2181. — À M. LE COMTE D’ARGENTAL.
À Berlin, le dernier de janvier.

Mon cher ange, mon cher ami, j’ai écrit à ma nièce que tout ce que je lui disais était pour vous, et je vous en dis autant pour elle. Ma santé est devenue bien déplorable. Je ne peux pas écrire longtemps. Je commencerai d’abord par vous dire qu’il faut absolument attendre un temps plus doux pour revenir au colombier[1]. J’ajouterai que je crains beaucoup de me trouver à Paris au milieu de toutes les tracasseries que vont causer vos éditions, d’essuyer les querelles des libraires, de compromettre les examinateurs des livres, d’essuyer les murmures des dévots, et d’être exposé aux Frérons, Il est impossible qu’un homme de lettres qui a pensé librement, et qui passe pour être heureux, ne soit pas persécuté en France. La fureur publique poursuit toujours un homme public qu’on n’a pu rendre infortuné. Je n’ai jamais éprouvé de faveur que quand l’ancien évêque de Mirepoix me persécutait.

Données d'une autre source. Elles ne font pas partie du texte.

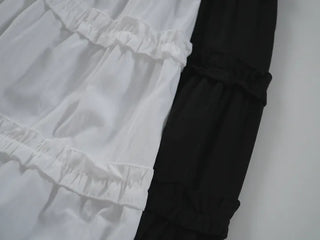 Midi frill tiered skirt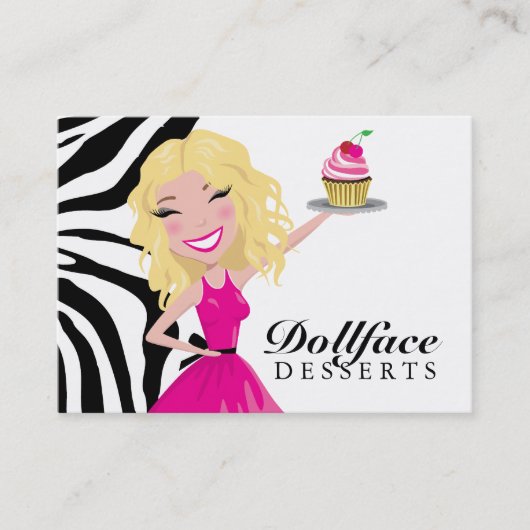 Dollfaceの311のデザートのシマウマBlondie 3.5 x 2 名刺 (正面)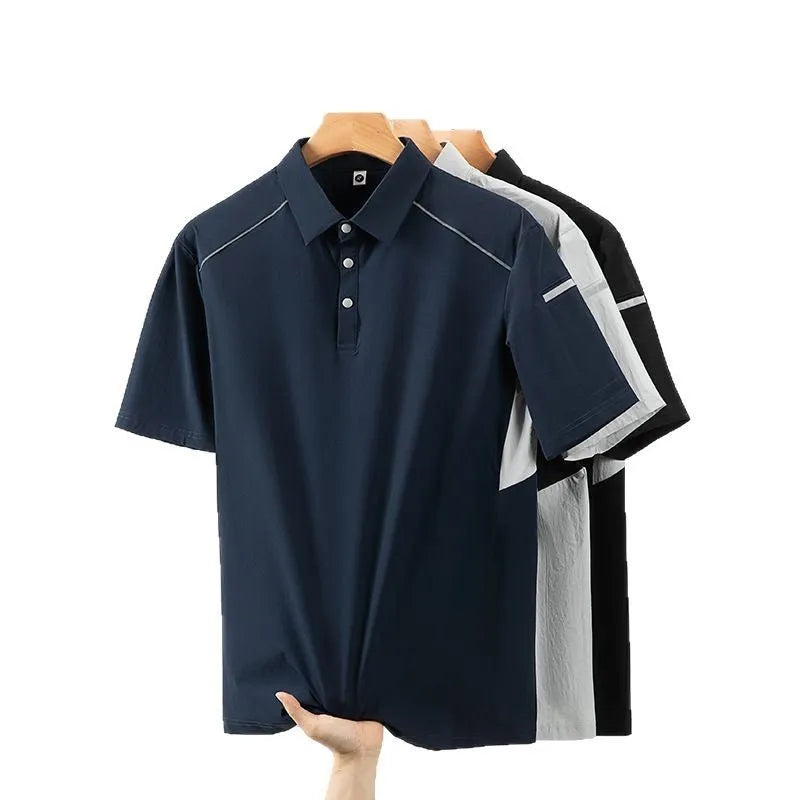 Men's classic black quick-dry polo shirt with short sleeves on a hanger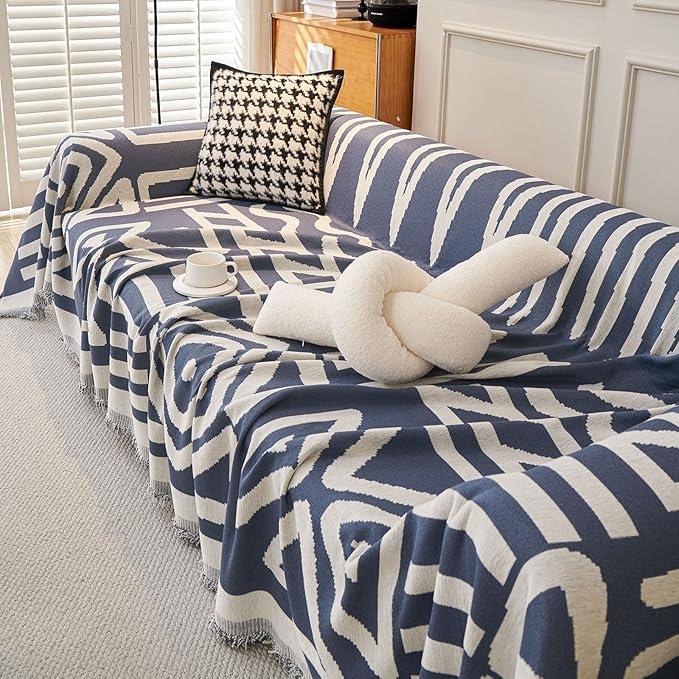 STACYPIK Reversible Boho Blue Beige Couch Cover - Image 8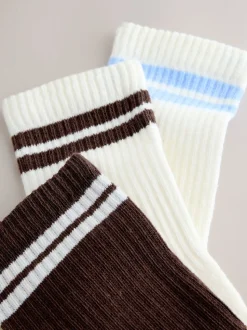 Chocolate Brown Cushion Sole Ribbed Sport Ankle Socks With Arch Support 3 Pack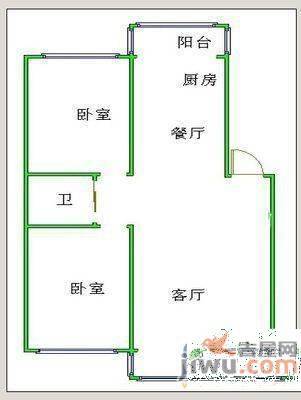 东环国际花园二期2室2厅1卫89㎡户型图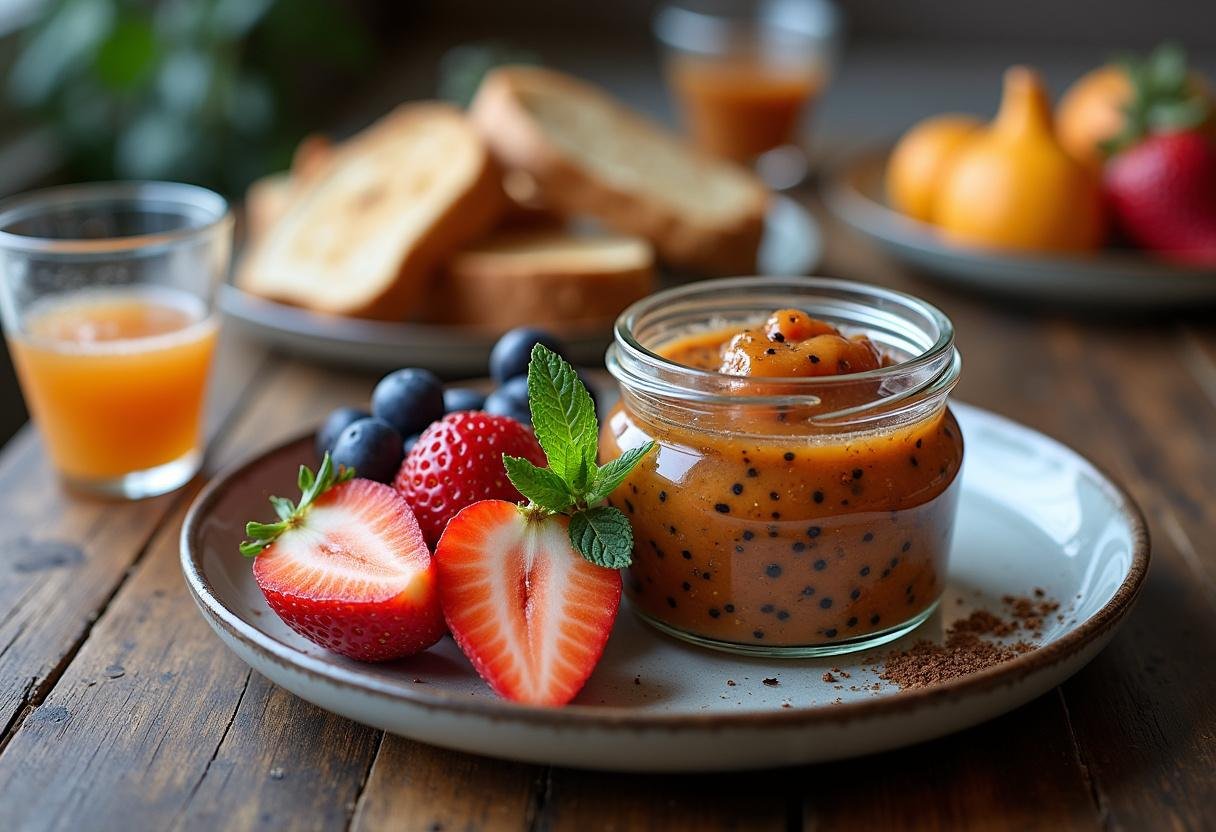 Delicious Chia Seed Jam served with toast and fresh fruit for a healthy breakfast.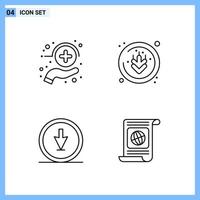 4 Icons Line style Creative Outline Symbols Black Line Icon Sign Isolated on White Background Creative Black Icon vector background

Lambert a très-mal fait d’entreprendre une édition de mes sottises en vers et en prose sans m’en avertir ; il a mal fait, après l’avoir entreprise, de n’en pas précipiter l’exécution, et il a plus mal fait de demander des examinateurs. Pour peu que ces examinateurs craignent, malgré leur philosophie et leur bonne volonté, de se commettre avec des gens qui n’ont ni bonne volonté ni philosophie, il en naîtra une hydre de tracasseries, et je n’aurai fait alors un voyage en France que pour essuyer des peines et des reproches. On dira que j’ai pris le parti de me retirer dans les pays étrangers pour y faire imprimer des choses trop libres qu’on ne peut mettre au jour en France, même avec une permission tacite. Je vous avoue, mon cher et respectable ami, que je voudrais bien ne reparaître que quand tous ces petits orages seront détournés.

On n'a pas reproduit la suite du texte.